On Sun, Apr 4, 2021 at 10:29 PM Eugene Grosbein <eugen at grosbein.net>
wrote:
> On 05.04.2021 06:25, Dave Cottlehuber wrote:
>
> > Eugene mentioned the convenience of ftpd in the same sentence as
ipsec.
> > I'm willing to bet those systems have ports installed too.
>
> Ports/packages are great but they are not replacement for solid operating
> system
> with bundled software tested and proven with time.
>
> > If speed is an issue, HTTP supports pipelining, compression, chunked
> > encoding, & parallel connections. I'm not sure ftpd is even in
the same
> > game anymore.
>
> Compression and various encodings of raw data are not good for speed.
> sendfile(2) system call used by ftpd to send raw data is good for speed.
> Unlimited CPU power should not be assumed.
>
> > The more code we hang onto in base, the larger the millstone around
our
> > necks when moving forwards. Each individual opportunity to slim down
> > base *in itself* is not significant, but cumulatively they represent
> > gridlock.
> >
> > For each removal or deprecation, please consider, is this worth
holding
> > the project back for?
>
> Our ftpd code does not hold the project back in any way.
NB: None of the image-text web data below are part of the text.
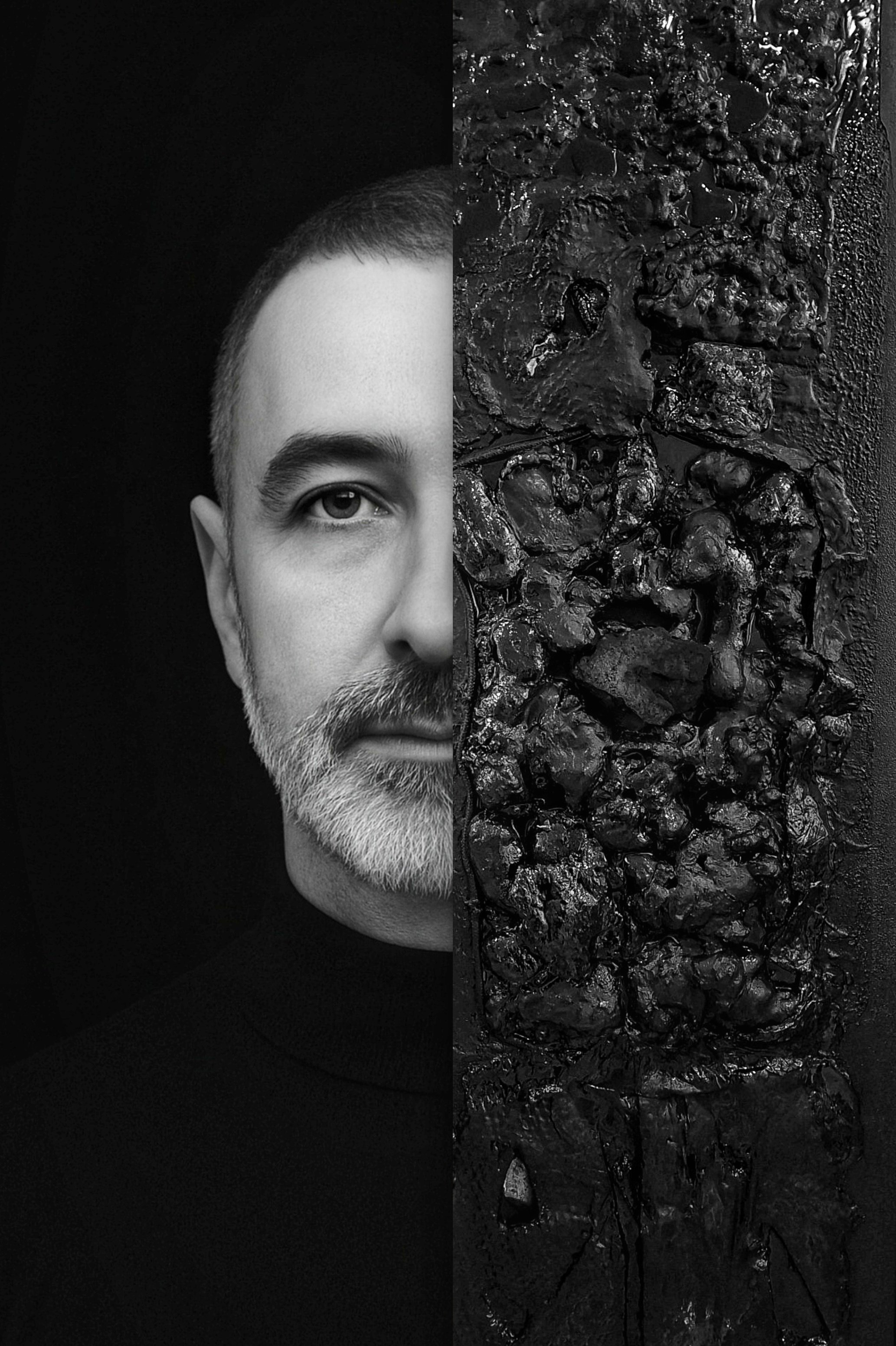 Une image divisée en deux parties; à gauche, un portrait en noir et blanc d'un homme avec barbe et cheveux courts, portant un col roulé noir, souriant légèrement; à droite, une surface de roche noire avec une texture rocheuse et brillante.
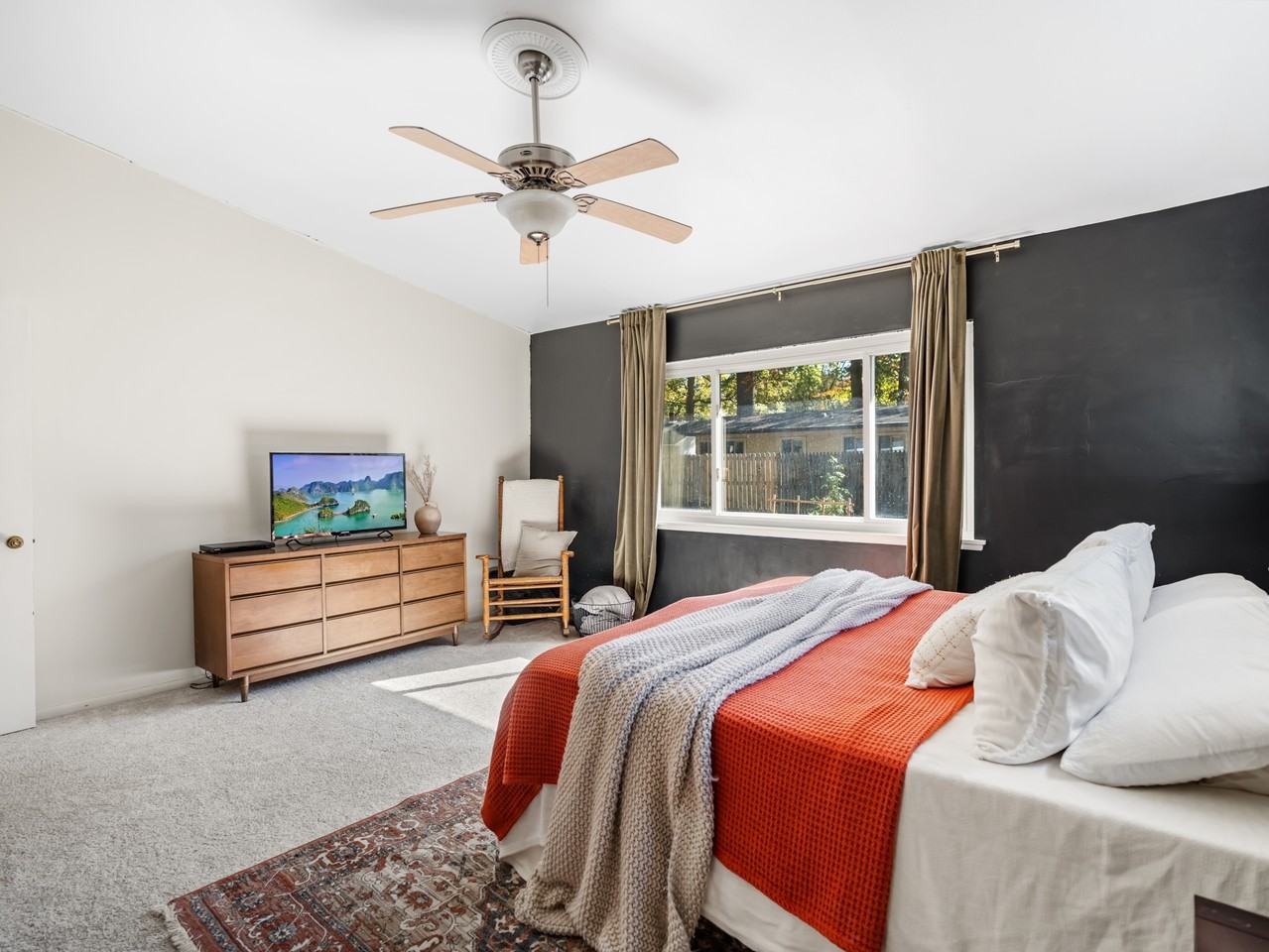 2924 Santa Rosa Dr #1 - Photo 5 of 28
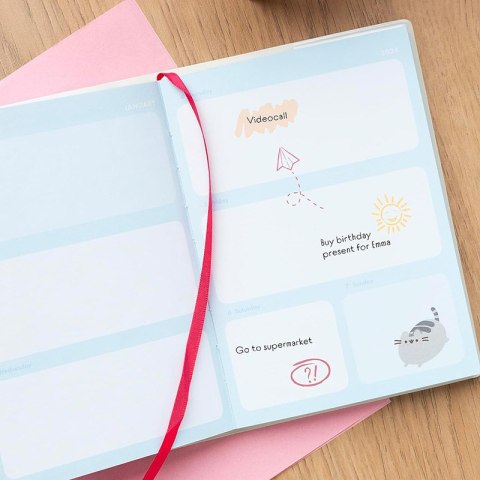 Pusheen - Kalendarz / Planner tygodniowy 2023/2024 (11.3 x 16.2 cm) Pusheen - Kalendarz / Planner tygodniowy 2023/2024 (11.3 x 16.2 cm)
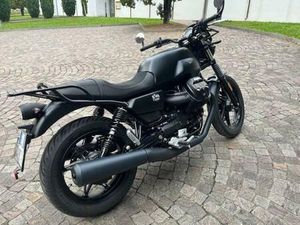 VENDO MOTO GUZZI V7 STONE (2021 - 24) USATA A TORINO (CODICE 9880021) - MOTO.IT
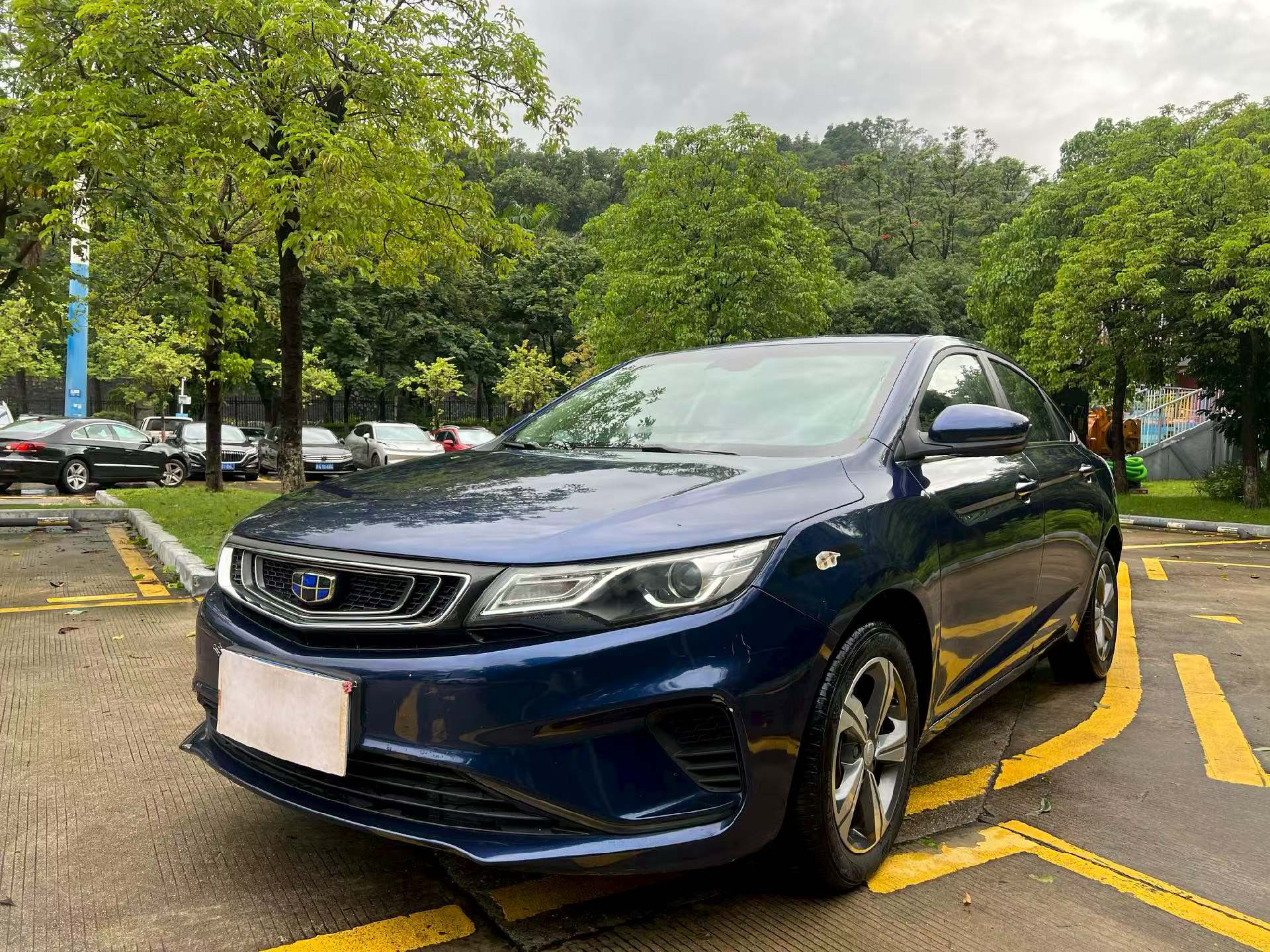 GEELY Emgrand GL 2018 GEELY Emgrand GL 2018 car image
It's here, it
> works, it's very good.
>
> High quality bundled software is what we love FreeBSD for.
> Unfortunately, ports tend to rot more quick due to some known reasons.
>
I wouldn't say that anything is "very good" when it has no test
suite
whatsoever. If you want to help, you could write one. You might take a
look at libexec/tftpd/tests/ to get started.